The MIT License (MIT)
Copyright (c) 2026 DVLA
Permission is hereby granted, free of charge, to any person obtaining a copy of this software and associated documentation files (the "Software"), to deal in the Software without restriction, including without limitation the rights to use, copy, modify, merge, publish, distribute, sublicense, and/or sell copies of the Software, and to permit persons to whom the Software is furnished to do so, subject to the following conditions:
The above copyright notice and this permission notice shall be included in all copies or substantial portions of the Software.

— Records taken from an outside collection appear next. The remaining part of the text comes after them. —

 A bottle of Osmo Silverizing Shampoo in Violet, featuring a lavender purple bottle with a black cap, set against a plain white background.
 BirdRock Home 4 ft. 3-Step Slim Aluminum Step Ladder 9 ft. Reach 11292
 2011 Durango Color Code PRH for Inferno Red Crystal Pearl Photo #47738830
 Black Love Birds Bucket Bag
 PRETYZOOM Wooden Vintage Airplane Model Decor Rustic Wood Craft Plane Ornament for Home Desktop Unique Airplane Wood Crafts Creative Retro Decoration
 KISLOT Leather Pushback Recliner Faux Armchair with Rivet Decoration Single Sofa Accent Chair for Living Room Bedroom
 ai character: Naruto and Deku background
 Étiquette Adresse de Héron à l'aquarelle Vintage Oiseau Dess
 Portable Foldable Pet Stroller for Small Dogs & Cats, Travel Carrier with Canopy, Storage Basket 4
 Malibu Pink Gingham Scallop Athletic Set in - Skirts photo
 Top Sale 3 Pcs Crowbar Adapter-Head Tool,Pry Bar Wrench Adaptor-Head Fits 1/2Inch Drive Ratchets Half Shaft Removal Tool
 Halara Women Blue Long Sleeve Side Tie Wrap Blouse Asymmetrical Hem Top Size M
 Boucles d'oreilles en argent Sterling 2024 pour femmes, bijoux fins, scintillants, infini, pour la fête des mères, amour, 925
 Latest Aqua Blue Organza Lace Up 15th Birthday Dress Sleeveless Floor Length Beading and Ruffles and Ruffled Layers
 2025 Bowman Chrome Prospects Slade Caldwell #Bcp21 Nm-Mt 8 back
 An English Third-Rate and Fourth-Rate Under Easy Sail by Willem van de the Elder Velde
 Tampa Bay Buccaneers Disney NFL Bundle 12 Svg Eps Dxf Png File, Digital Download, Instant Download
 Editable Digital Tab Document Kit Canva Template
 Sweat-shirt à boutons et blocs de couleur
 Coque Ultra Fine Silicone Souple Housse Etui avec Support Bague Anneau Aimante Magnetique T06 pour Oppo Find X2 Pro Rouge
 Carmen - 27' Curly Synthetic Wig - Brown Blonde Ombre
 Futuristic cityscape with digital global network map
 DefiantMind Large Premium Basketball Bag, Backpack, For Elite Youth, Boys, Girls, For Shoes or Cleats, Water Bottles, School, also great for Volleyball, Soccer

THE SOFTWARE IS PROVIDED "AS IS", WITHOUT WARRANTY OF ANY KIND, EXPRESS OR IMPLIED, INCLUDING BUT NOT LIMITED TO THE WARRANTIES OF MERCHANTABILITY, FITNESS FOR A PARTICULAR PURPOSE AND NONINFRINGEMENT. IN NO EVENT SHALL THE AUTHORS OR COPYRIGHT HOLDERS BE LIABLE FOR ANY CLAIM, DAMAGES OR OTHER LIABILITY, WHETHER IN AN ACTION OF CONTRACT, TORT OR OTHERWISE, ARISING FROM, OUT OF OR IN CONNECTION WITH THE SOFTWARE OR THE USE OR OTHER DEALINGS IN THE SOFTWARE.